Though a clear narrator, when the story required clear narration, Winthrop perfectly understood the art of narrating by implication and allusion. He paints distinctly and minutely, not omitting a single detail, when the occasion demands such faithful representation of real facts and localities; but he has also the power of flashing his meaning by suggestive hints which the most labored description and explication could not make more effective. He makes the mind of the reader work sympathetically with his own in building up the idea he seeks to convey. Crimes which are nameless are mutually understood by this refined communion between author and reader. The mystery of the plot is not directly explained, but each party seems to bring, as in private conversation, his individual sagacity to bear upon the right interpretation.

The style of the book is admirable. It is brief almost to abruptness. The words are few, and are crammed with all the meaning they can hold. There is not a page which does not show that the writer is an economist of expression, and desirous of conveying his matter with the slightest possible expenditure of ink.
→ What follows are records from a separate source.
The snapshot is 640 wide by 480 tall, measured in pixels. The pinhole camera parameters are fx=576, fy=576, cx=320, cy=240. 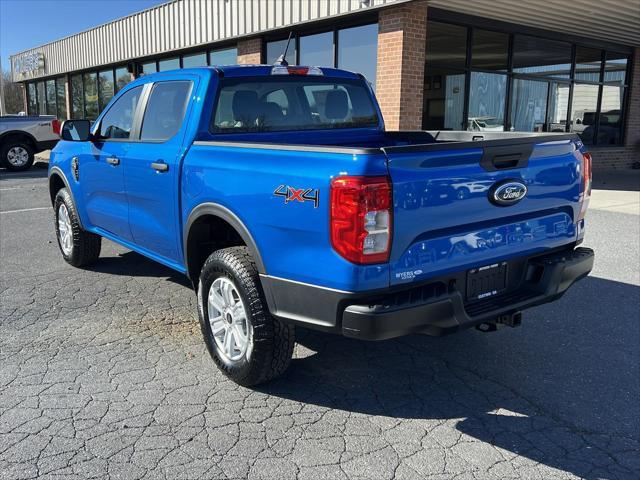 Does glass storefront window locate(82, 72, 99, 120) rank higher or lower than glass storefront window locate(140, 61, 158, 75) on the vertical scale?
lower

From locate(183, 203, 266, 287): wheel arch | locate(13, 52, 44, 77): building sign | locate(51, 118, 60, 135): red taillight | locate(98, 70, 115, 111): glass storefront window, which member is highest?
locate(13, 52, 44, 77): building sign

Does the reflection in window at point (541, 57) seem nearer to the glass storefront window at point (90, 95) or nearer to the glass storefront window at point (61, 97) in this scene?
the glass storefront window at point (90, 95)

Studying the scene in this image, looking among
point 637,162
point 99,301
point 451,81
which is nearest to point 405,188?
point 99,301

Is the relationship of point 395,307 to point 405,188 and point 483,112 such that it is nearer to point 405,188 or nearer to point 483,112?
point 405,188

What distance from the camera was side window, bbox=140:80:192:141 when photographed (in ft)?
13.0

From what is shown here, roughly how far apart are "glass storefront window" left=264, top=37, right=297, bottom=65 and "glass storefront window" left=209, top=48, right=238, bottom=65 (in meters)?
1.43

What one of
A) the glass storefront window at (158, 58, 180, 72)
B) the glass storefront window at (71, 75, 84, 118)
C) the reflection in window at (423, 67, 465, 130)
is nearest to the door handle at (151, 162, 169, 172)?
the reflection in window at (423, 67, 465, 130)

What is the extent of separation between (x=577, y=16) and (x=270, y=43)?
6.56m

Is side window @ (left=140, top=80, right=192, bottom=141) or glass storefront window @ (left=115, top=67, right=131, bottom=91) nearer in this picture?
side window @ (left=140, top=80, right=192, bottom=141)

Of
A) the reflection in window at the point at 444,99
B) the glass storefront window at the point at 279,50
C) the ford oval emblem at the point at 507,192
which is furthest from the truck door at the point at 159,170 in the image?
the glass storefront window at the point at 279,50

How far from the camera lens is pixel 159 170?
12.6ft

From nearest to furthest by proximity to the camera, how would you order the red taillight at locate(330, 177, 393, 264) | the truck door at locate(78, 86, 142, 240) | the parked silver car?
1. the red taillight at locate(330, 177, 393, 264)
2. the truck door at locate(78, 86, 142, 240)
3. the parked silver car

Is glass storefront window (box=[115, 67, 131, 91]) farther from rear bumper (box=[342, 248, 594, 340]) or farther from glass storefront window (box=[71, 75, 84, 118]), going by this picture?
rear bumper (box=[342, 248, 594, 340])

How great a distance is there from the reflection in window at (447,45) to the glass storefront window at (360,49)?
3.61 feet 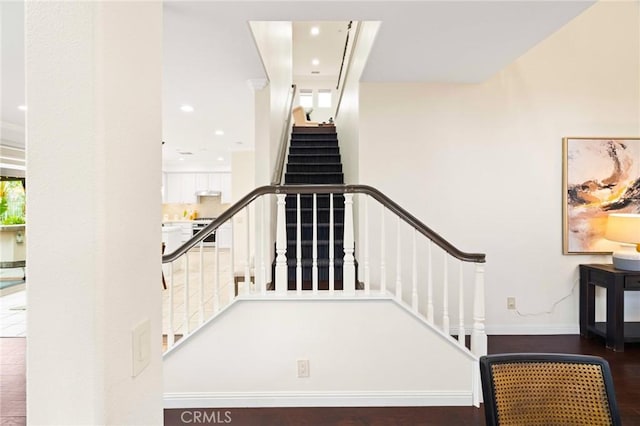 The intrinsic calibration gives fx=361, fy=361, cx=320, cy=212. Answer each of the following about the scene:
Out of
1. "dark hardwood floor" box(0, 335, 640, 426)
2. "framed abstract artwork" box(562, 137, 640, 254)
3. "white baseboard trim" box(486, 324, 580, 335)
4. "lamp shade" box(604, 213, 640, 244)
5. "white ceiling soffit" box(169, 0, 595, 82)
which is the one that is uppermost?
"white ceiling soffit" box(169, 0, 595, 82)

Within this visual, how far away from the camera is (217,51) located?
2924mm

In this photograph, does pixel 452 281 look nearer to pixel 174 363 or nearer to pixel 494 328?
→ pixel 494 328

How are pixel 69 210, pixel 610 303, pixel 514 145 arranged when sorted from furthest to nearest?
pixel 514 145 < pixel 610 303 < pixel 69 210

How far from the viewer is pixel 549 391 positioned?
50.9 inches

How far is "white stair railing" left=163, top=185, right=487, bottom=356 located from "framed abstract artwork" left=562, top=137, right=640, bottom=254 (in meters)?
1.22

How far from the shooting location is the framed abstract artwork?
150 inches

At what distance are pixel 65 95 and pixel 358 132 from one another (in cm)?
322

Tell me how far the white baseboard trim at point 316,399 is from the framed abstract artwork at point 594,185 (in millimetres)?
2304

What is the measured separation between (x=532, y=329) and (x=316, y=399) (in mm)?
2589

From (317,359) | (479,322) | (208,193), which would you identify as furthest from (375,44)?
(208,193)

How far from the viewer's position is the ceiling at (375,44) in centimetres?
228

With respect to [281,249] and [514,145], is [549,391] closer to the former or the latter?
[281,249]

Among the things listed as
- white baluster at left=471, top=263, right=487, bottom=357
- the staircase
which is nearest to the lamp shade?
white baluster at left=471, top=263, right=487, bottom=357

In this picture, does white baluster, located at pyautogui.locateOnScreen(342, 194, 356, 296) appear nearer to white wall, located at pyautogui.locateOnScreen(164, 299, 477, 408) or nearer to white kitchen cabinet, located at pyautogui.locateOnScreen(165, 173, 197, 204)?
white wall, located at pyautogui.locateOnScreen(164, 299, 477, 408) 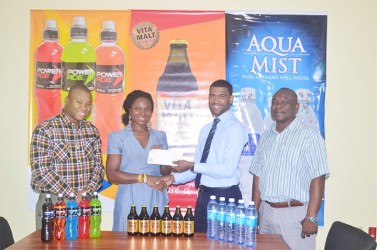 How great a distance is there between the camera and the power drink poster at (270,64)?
4.74m

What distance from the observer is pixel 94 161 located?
13.7 ft

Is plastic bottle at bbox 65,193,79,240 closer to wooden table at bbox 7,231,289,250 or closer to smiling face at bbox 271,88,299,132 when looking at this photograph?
wooden table at bbox 7,231,289,250

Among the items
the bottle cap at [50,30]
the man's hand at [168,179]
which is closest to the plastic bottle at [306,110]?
the man's hand at [168,179]

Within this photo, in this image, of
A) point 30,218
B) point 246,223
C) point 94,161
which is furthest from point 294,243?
point 30,218

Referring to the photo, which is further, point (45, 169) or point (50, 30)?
A: point (50, 30)

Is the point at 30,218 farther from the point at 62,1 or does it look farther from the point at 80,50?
the point at 62,1

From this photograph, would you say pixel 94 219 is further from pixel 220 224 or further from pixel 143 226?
pixel 220 224

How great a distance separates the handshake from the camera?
4.16 meters

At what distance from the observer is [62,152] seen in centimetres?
395

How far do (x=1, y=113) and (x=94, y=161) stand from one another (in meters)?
1.30

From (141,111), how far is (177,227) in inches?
55.7

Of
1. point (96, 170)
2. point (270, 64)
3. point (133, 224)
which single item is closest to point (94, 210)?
point (133, 224)

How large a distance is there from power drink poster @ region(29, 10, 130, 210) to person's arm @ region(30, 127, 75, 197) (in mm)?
877

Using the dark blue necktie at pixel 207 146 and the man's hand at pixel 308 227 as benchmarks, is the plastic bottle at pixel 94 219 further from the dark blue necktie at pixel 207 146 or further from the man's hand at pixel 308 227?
the man's hand at pixel 308 227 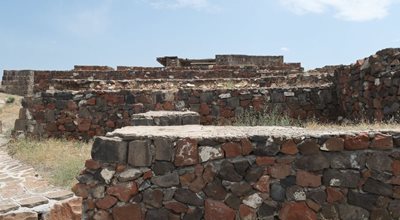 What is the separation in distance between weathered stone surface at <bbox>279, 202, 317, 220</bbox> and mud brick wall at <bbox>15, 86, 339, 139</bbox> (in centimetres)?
501

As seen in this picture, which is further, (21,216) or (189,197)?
(21,216)

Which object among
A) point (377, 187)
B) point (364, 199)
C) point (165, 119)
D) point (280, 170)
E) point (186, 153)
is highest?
point (165, 119)

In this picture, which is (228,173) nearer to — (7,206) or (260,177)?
(260,177)

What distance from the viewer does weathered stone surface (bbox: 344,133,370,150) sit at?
3.58m

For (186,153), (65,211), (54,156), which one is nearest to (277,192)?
(186,153)

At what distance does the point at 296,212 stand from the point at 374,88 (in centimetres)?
446

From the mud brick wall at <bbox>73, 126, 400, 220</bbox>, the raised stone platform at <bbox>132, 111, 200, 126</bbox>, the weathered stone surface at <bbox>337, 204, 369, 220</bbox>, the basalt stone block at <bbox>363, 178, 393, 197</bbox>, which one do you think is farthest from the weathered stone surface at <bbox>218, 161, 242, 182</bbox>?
the raised stone platform at <bbox>132, 111, 200, 126</bbox>

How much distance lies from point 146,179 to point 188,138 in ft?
1.78

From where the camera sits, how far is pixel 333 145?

Charles Reade himself does not condense with a more fretful impatience of all circumlocution and a profounder reliance on the absolute import of single words.

We might easily refer to particular scenes from this book, illustrative of the author's descriptive and representative powers. Among many which might be noticed, we will allude to only two,—that in which Cecil is revived from his "sleep of death," and that in the opera-house, where Byng is apprised of the guilt of Emma Denman. Nobody can read either without feeling that in the disastrous fight of Great Bethel we lost a great novelist as well as a chivalrous soldier and a noble man.